## SUPPLIED MATERIAL:
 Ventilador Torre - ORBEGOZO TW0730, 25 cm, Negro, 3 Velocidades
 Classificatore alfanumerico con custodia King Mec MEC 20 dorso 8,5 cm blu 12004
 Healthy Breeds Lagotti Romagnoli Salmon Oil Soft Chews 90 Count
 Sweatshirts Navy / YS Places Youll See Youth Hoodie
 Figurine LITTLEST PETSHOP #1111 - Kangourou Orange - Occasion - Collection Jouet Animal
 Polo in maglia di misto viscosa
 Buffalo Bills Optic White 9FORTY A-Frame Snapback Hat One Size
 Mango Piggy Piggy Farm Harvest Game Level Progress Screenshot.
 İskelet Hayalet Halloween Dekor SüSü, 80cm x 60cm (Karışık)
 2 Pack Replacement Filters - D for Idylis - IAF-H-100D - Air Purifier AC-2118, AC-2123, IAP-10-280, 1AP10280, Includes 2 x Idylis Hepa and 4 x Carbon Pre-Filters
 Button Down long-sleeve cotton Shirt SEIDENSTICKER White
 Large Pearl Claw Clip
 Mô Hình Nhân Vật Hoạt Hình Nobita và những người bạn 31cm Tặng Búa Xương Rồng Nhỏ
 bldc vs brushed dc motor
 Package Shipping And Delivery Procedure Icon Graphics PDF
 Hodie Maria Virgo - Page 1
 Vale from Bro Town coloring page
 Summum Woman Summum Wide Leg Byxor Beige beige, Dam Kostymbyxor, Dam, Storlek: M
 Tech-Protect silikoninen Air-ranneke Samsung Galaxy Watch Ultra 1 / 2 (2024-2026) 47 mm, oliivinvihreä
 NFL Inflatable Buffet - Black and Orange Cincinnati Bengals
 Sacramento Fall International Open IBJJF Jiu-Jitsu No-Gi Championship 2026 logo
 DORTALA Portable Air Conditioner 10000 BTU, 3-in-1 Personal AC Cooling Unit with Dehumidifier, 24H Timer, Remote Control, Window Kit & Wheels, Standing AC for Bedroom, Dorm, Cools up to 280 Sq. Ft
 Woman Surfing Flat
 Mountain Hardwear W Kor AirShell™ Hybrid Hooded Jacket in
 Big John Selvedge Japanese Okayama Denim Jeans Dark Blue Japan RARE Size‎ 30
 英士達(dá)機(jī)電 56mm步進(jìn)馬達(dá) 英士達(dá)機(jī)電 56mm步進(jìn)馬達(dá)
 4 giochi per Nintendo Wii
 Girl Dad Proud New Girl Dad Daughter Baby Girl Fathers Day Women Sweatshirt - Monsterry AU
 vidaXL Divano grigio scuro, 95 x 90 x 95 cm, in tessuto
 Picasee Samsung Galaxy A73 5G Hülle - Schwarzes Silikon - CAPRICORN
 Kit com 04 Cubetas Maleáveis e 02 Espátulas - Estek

## PROBLEM DETAILS:
Your task is to copy each line of the material that contains the word "White".

## WRITTEN SOLUTION:
 Buffalo Bills Optic White 9FORTY A-Frame Snapback Hat One Size
 Button Down long-sleeve cotton Shirt SEIDENSTICKER White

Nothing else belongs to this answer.